Sender Policy Framework (SPF) is an email authentication method designed to detect forging sender addresses during the delivery of the email. SPF alone, though, is limited only to detect a forged sender claimed in the envelope of the email which is used when the mail gets bounced. Only in combination with DMARC can it be used to detect the forging of the visible sender in emails (email spoofing), a technique often used in phishing and email spam.
Specifically, SPF defines a way to validate an email message was sent from an authorized mail server in order to detect forgery and to prevent spam. It was designed to supplement SMTP, the basic protocol used to send email, because SMTP does not itself include any authentication mechanisms.
How Does SPF Work?
SPF establishes a method for receiving mail servers to verify that incoming email from a domain was sent from a host authorized by that domain’s administrators. It piggybacks on the well-established Domain Name System (DNS). In general terms, the process works like this:
- A domain administrator publishes the policy defining mail servers that are authorized to send email from that domain. This policy is called an SPF record, and it is listed as part of the domain’s overall DNS records.
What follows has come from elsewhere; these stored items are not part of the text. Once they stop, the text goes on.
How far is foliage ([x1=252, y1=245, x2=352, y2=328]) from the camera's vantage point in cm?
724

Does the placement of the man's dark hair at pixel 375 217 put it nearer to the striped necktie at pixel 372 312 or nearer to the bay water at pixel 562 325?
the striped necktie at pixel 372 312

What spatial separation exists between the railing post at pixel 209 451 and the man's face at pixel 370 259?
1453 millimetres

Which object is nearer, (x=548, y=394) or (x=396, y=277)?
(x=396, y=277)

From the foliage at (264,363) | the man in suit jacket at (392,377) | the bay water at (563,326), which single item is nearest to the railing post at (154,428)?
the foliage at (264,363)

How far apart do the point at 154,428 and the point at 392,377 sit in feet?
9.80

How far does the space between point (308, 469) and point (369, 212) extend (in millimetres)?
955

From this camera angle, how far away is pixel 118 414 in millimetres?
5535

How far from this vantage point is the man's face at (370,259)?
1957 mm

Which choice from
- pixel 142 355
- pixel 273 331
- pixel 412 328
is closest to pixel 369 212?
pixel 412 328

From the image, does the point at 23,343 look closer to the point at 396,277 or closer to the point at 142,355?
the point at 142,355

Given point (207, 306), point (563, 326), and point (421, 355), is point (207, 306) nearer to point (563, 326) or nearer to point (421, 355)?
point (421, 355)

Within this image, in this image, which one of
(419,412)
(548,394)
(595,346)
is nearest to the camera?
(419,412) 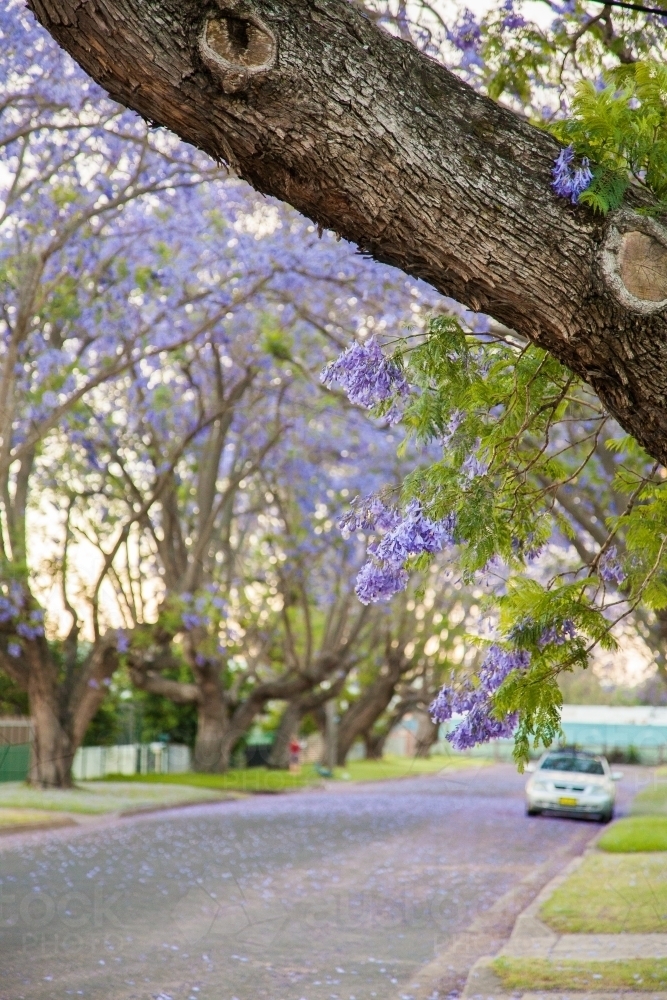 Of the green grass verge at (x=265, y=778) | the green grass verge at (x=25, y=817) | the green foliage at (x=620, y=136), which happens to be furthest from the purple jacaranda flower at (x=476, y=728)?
the green grass verge at (x=265, y=778)

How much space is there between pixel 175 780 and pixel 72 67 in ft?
53.9

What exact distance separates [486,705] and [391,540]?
3.31 ft

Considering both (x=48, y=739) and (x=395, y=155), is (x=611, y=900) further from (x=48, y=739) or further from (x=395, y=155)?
(x=48, y=739)

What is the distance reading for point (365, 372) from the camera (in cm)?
440

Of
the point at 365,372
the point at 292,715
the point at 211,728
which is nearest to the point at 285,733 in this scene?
the point at 292,715

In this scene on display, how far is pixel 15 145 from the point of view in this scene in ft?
41.9

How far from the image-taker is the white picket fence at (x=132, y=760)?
79.2 ft

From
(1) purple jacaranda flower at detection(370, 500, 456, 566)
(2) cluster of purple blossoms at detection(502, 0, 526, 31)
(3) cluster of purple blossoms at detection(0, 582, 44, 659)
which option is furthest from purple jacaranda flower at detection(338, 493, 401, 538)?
(3) cluster of purple blossoms at detection(0, 582, 44, 659)

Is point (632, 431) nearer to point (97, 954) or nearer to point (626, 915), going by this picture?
point (97, 954)

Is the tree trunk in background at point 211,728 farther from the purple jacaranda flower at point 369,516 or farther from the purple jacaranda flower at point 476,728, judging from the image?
the purple jacaranda flower at point 369,516

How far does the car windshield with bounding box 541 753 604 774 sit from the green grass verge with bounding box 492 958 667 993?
1361cm

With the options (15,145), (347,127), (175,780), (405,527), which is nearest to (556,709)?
(405,527)

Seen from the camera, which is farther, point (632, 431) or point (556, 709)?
point (556, 709)

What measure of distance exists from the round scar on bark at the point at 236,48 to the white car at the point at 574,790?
17.3 meters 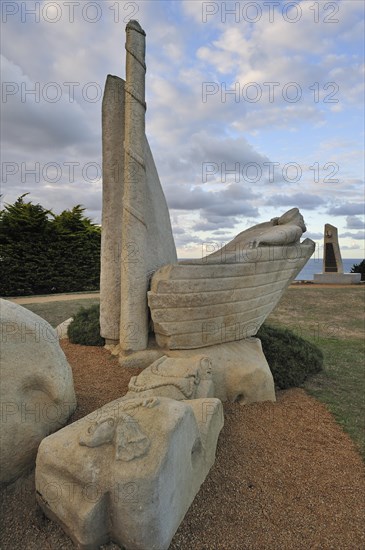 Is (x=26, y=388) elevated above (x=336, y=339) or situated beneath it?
elevated above

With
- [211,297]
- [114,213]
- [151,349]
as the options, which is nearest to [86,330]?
[151,349]

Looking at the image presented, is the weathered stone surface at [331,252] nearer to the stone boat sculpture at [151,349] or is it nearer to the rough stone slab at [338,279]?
the rough stone slab at [338,279]

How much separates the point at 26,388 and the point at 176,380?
55.0 inches

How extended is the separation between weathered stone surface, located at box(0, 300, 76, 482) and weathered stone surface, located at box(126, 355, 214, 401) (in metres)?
0.76

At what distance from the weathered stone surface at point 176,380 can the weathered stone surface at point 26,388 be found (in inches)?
30.0

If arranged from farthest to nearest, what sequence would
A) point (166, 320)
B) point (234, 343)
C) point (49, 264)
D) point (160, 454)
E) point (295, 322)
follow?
point (49, 264), point (295, 322), point (234, 343), point (166, 320), point (160, 454)

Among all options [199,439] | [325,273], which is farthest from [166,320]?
[325,273]

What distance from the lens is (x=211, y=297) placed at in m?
4.61

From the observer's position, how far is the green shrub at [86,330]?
5793 mm

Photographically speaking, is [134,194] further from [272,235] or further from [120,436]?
[120,436]

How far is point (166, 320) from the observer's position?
15.1 feet

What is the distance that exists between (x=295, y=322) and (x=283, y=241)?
757cm

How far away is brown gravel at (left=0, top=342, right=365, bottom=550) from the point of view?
2.59 m

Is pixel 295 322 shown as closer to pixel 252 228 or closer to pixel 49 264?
pixel 252 228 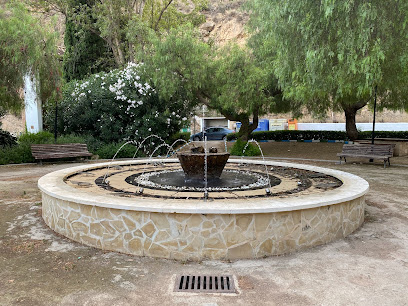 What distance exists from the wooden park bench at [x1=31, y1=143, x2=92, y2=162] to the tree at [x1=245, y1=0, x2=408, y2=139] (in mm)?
8305

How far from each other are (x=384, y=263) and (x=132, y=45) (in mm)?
23249

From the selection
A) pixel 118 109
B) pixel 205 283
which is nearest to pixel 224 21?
pixel 118 109

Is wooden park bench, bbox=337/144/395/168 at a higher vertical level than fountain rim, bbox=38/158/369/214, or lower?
lower

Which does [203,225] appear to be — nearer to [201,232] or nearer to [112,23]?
[201,232]

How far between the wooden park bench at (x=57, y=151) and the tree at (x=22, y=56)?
5.34 ft

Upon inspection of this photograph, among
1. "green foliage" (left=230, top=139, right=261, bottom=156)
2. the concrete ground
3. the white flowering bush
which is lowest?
the concrete ground

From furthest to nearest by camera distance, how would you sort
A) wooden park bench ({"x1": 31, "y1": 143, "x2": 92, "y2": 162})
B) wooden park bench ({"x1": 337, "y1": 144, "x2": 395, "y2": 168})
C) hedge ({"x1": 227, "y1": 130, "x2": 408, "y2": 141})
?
hedge ({"x1": 227, "y1": 130, "x2": 408, "y2": 141})
wooden park bench ({"x1": 31, "y1": 143, "x2": 92, "y2": 162})
wooden park bench ({"x1": 337, "y1": 144, "x2": 395, "y2": 168})

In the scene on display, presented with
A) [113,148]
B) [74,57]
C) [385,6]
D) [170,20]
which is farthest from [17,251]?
[170,20]

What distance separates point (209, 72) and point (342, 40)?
7.53 m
- When an inbound mail server receives an incoming email, it looks up the rules for the bounce (Return-Path) domain in DNS. The inbound server then compares the IP address of the mail sender with the authorized IP addresses defined in the SPF record.
- The receiving mail server then uses the rules specified in the sending domain’s SPF record to decide whether to accept, reject, or otherwise flag the email message.
Why is SPF Important to ReliMail?
If you are a business sending commercial or transactional email, then email deliverability is very important to engage your customers and employees. ReliMail uses strict SPF policies on our Infrastructure to ensure your email is sent to the user it is intended to and gets delivered.
We implement and adhere to email authentication standards including SPF, all email from your account is already SPF-compliant.